Birmingham knows what the link is to these bodies, religion and vengeance although this theory appeared to be plucked out of the air and everyone ran with it no questions. We are taken into a world of gang warfare, drugs, prostitutes and religion. For me I felt there were elements of a Dan Brown novel trying to come through but influenced by recent crimes and this was confusing. Even now I am not sure where it all fits in. The parable from the Book of Exodus; a life for a life, an eye for an eye, etc. Is the basis of the murderer’s crimes? So where does the Garda fit in, in solving this and do the press know more than they are letting on? As the net closes in, and people are brought to task about involvement in matters that do not concern them, has Birmingham left it too late?
I cannot deny this book was a page turner and was gripping, though I did not find it terrifying as pitched on the front of the book. I could sleep quite soundly after having read it. There were some graphic parts but necessary ones they were there to give strength to the crimes that had been committed. Jo Birmingham was a strong character and her will and determination to succeed was everything even when she has obviously failed at their marriage she had to show her husband she could succeed at something. He knows this but ego and circumstances get in the way. There is very little about her personal life, we see the domestic side, but not too much that it takes away from the focus of the story which was a serial killer and their capture. Everything is wrapped up in the end but there is plenty of scope for more from Birmingham and I am her ex husband will prove to be her nemesis.
I would not actively go out and buy another of Niamh O’Connor’s novels but I would not turn my nose up at reading another one if one happened to come my way.
This was the second book I have read in the Great Transworld Crime Caper Challenge.
I think I could have waxed lyrical more about this book but this would have taken me down various paths and not captured the book, which is what I try to do in a review. Hopefully doing it justice. My main lyrical wax is the cover. I think it is awful. There I have said it. I admit I would never have picked up this book in a shop. A shame because it was fundamentally a good debut novel which no doubt will be built on in subsequent books. The cover does nothing to hint of the book which is inside, a blond women in leathers in the foreground with a city blurred into lights behind her. I am also unsure of the title, that again does nothing for the reader or for me at least.
Now I chose this book so I must have had a reason because based on what I have written I would not have chosen this books? I think this is a good example of ‘never judge a book by its cover’! But we do and I do and I think having seen the list of books that I could read for this challenge and reading the blurbs about them, it was the blurb that spoke to me. But if I had seen this book I would never have turned it over and read the blurb. Picking a book is a tricky business.

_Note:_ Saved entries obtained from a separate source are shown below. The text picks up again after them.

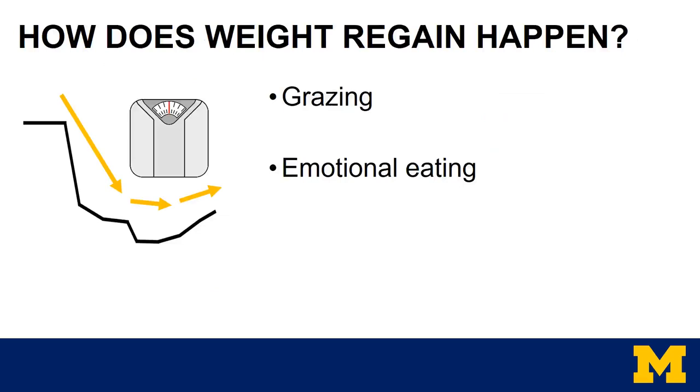A common question for bariatric patients is: what if I gain weight after surgery? Weight regain after surgery is common, but with proper diet and exercise can be improved or possibly reversed. Weight regain can happen in a few different ways, but the most common is incorporating foods back into the diet that are high calorie and do not keep you full. For example, snacking on pretzels, crackers, and chips — even in small amounts — can add on a large number of calories and often leave people hungry for more.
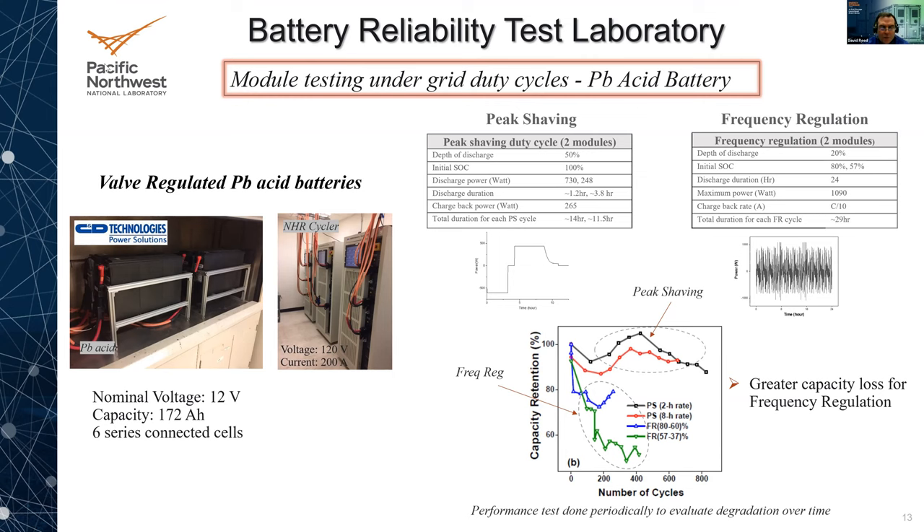The first example is a lead acid battery — specifically valve regulated lead acid. These have a nominal voltage of about 12 volts, 172 amp hours, and each module is six cells connected in series. We have four of them — two for peak shaving and two for frequency regulation. After a large number of cycles, what pops out is there is greater capacity loss for frequency regulation than for peak shaving. We performance-test these frequently while running — maybe a capacity check every month and an internal resistance check every couple of months.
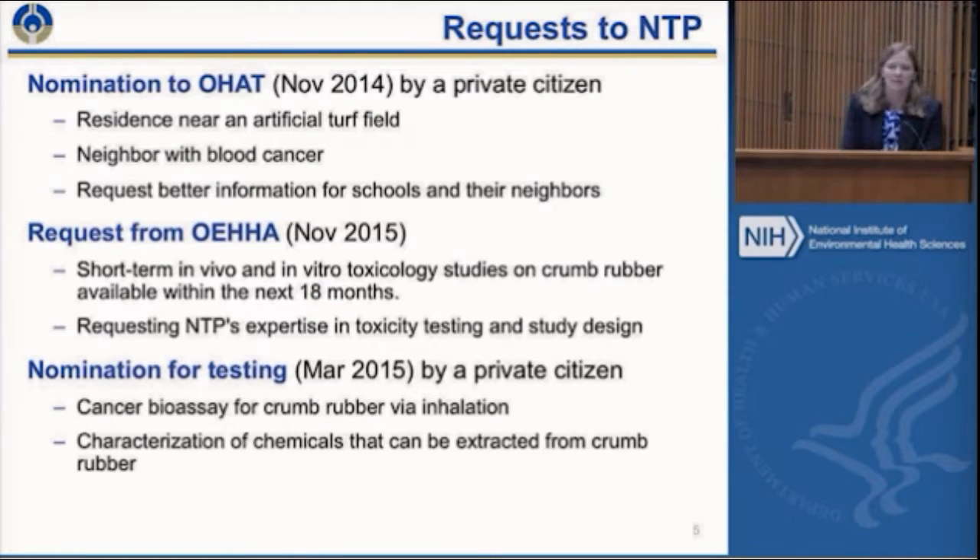For this topic, we actually had three different requests come into NTP. The first was a nomination from a private citizen to OHAT for a literature analysis — someone who lived near a turf field whose neighbor had blood cancer and felt residents and schools should have better information. Then we got a formal request from OEHA to do short-term toxicity testing to complement their research effort, wanting something available in 18 months. Most recently we got a nomination from a private citizen asking for a cancer bioassay specifically of crumb rubber, emphasizing the inhalation route and better chemical characterization.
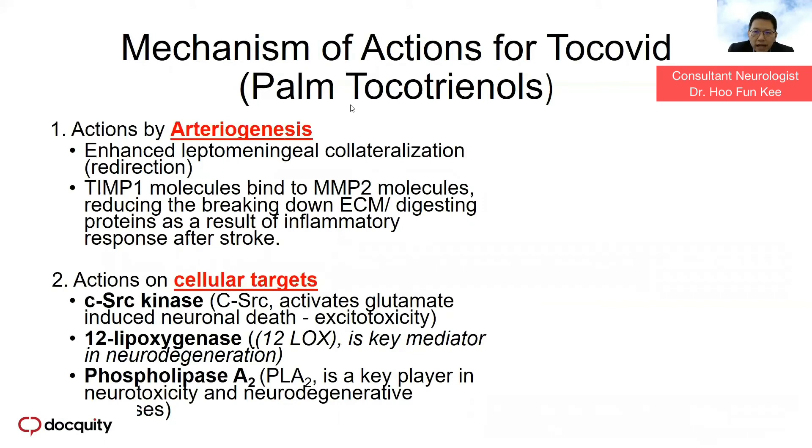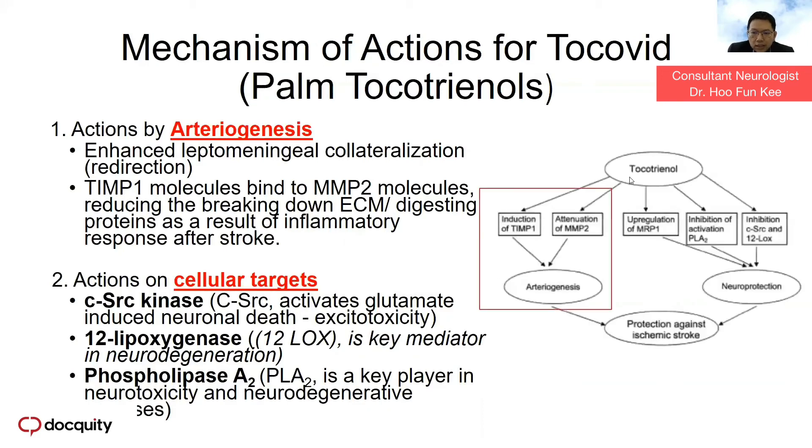The mechanism of action of tocotrienol extends to further mechanisms beyond angiogenesis and cellular targets. It induces angiogenesis by induction of TIMP1 and attenuation of MMP2. It also acts as a powerful neuroprotection agent by up-regulation of MRP1, inhibiting PLA2, and inhibiting c-Src and 12-LOX pathways, providing a very powerful neuroprotection therapy.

This is a great review, I might keep an eye out for it now that I’ve read this. If I’m honest the cover would have put me off before, it just looks like stock pulp fiction.
I definitely agree with you on the cover – I picked this one up from the shelf in the library because the name was familiar and then put it down again because it looked so generic. Now you have me thinking I may give it a whirl when this type of book appeals, but i won’t be heartbroken if someone else gets there first.
I doubt I would have picked this one for its cover either. The book does sound good though.
I’m in the middle of my 3rd book for the Transworld Crime Caper – The Chemistry of Death by Simon Beckett. Very good so far!